Return on Invested Capital Exceeds 25 Percent
Conference Call on TI Web Site at 4:30 p.m. Central Time Today
www.ti.com
Download
Financials in MS Excel Format (85KB)
Except as noted, financial results are for continuing operations.
The sale of TI’s former Sensors & Controls business was completed
on April 27, 2006, and that business is reported as a discontinued operation.
DALLAS (Jan. 22, 2008) – Financial results reported today by Texas
Instruments Incorporated (TI) (NYSE:TXN) reflect the company’s
strong positions in analog and digital signal processing semiconductors.
Growth resumed in the fourth quarter with a revenue increase of 3 percent
from the same quarter a year ago. This growth was led by demand for
TI’s digital signal processors and high-performance analog products,
which were up 12 percent each. Gross profit increased 10 percent and
operating profit increased 30 percent, reflecting the quality of the
company's product portfolio, the efficiency of its manufacturing strategies
and effective expense management. For the year, cash flow from operations
was a record $4.41 billion and return on invested capital was more than
25 percent.
“It was a good quarter and a good year for TI. We delivered more
value to shareholders and built momentum with customers. Perhaps most
important to our future performance, we sharpened our focus on analog
with increases in dedicated research and development, sales support
and manufacturing capacity. Evidence of our potential in this area was
notable in high-performance analog where we again made substantial market
share gains,” said Rich Templeton, TI president and chief executive
officer. “We move into the first quarter of 2008 expecting year-over-year
growth to accelerate in our semiconductor operations.”

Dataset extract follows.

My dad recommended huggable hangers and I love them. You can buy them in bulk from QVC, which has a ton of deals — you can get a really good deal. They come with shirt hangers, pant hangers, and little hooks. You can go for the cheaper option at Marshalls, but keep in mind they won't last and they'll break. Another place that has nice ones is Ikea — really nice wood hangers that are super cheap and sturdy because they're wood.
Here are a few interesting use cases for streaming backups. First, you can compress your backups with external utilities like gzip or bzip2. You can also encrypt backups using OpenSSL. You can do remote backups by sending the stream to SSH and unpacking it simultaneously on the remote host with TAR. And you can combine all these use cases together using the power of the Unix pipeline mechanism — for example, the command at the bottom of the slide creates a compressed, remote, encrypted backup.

Details of financial performance for both the fourth quarter and the
year are in the following paragraphs.
Fourth Quarter 2007
-
Revenue was $3.56 billion, up 3 percent from the same quarter a year
ago. This was the first year-over-year gain in four quarters, reflecting
renewed growth in the company’s Semiconductor segment. Compared
with the third quarter of the year, revenue decreased 3 percent due
to the expected seasonal decline in graphing calculators, the core
products in the company’s Education Technology segment.
-
Gross profit was $1.93 billion, or 54.2 percent of revenue. This was
down $58 million from the prior quarter primarily due to seasonally
lower revenue from graphing calculators. In addition, the prior quarter
included a $39 million gain from the sale of TI’s product line
for digital subscriber line (DSL) customer premises equipment. These
more than offset higher gross profit in the company’s Semiconductor
segment. Compared with the year-ago quarter, gross profit was up $178
million as a greater percentage of revenue came from more-profitable
analog and digital signal processing products, and as the company
continued to reduce manufacturing costs.
-
Operating expenses were $508 million for research and development (R&D)

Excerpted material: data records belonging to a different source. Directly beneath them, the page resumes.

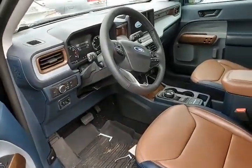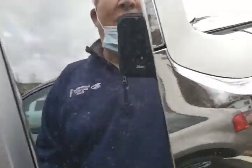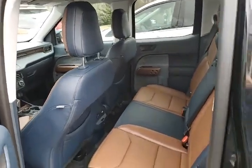Look at that nice leather interior. As you can see, we haven't even cleaned it. Amazing vehicle. So for those of you that have been waiting for one, you need to call me as quick as you can. My number is 678-997-4588.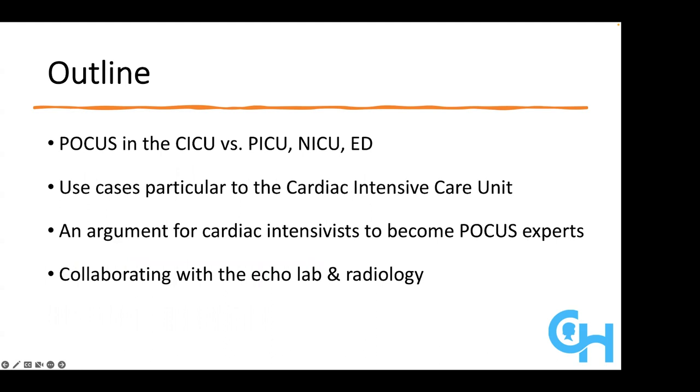We're going to talk about POCUS in the cardiac ICU, specifically how it is similar to and a bit different from point-of-care ultrasound in the PICU, NICU, and ED, as well as other acute care settings. We'll talk about some of the specific use cases germane to CICU practice. I'm in the pro column of the debate on point-of-care ultrasound. I'll make an argument for cardiac intensivists becoming POCUS experts and also how we should be collaborating with our echo labs and radiology colleagues.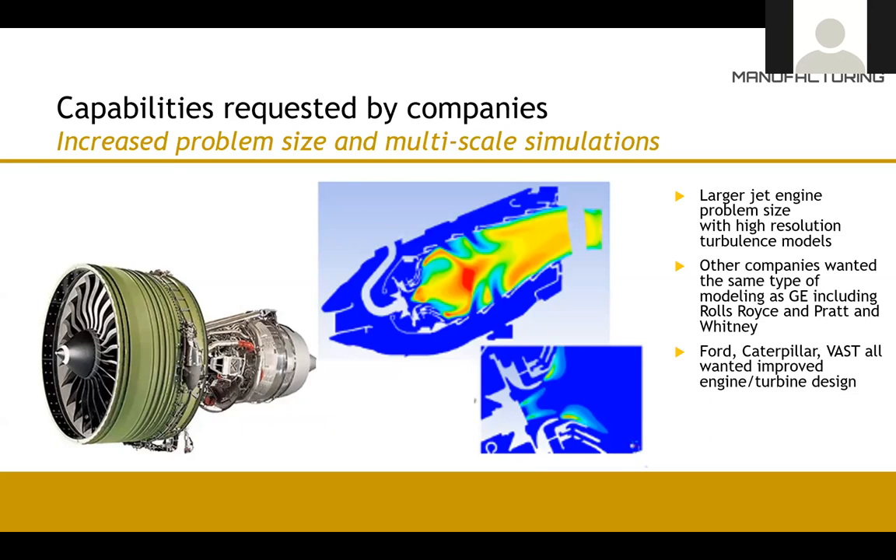What kind of problems does industry ask us to do? Here's one of our earlier projects with GE. When they first came to us, they had limited computational resources and had to break up the modeling of their jet engines into pieces — which led to inaccuracies when knitting them together. We were able to do the entire engine at one time and increase accuracy using LES modeling, giving them fine resolution over a large domain. This also allowed them to make arguments to management to buy a bigger computer.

and $422 million for selling, general and administrative (SG&A).
R&D expense decreased $34 million from the prior quarter due to
lower costs for severance and semiconductor product development. From
the year-ago quarter, R&D expense decreased $48 million due to
lower costs for semiconductor product development. The company continues
to benefit from more efficient development of advanced digital manufacturing
process technologies through its collaborative work with foundries.
SG&A decreased $7 million from the prior quarter due to seasonally
lower compensation expense. SG&A was about even with the same
quarter a year ago.
-
Operating profit was $996 million, or 28.0 percent of revenue. This was
a decrease of $17 million from the prior quarter as less gross profit
more than offset the benefit of lower operating expenses. Operating
profit increased $229 million from the year-ago quarter, primarily
due to higher gross profit, as well as lower operating expenses.
-
Other income was $46 million. This was down in both comparisons, $7 million
from the prior quarter and $23 million from the year-ago quarter.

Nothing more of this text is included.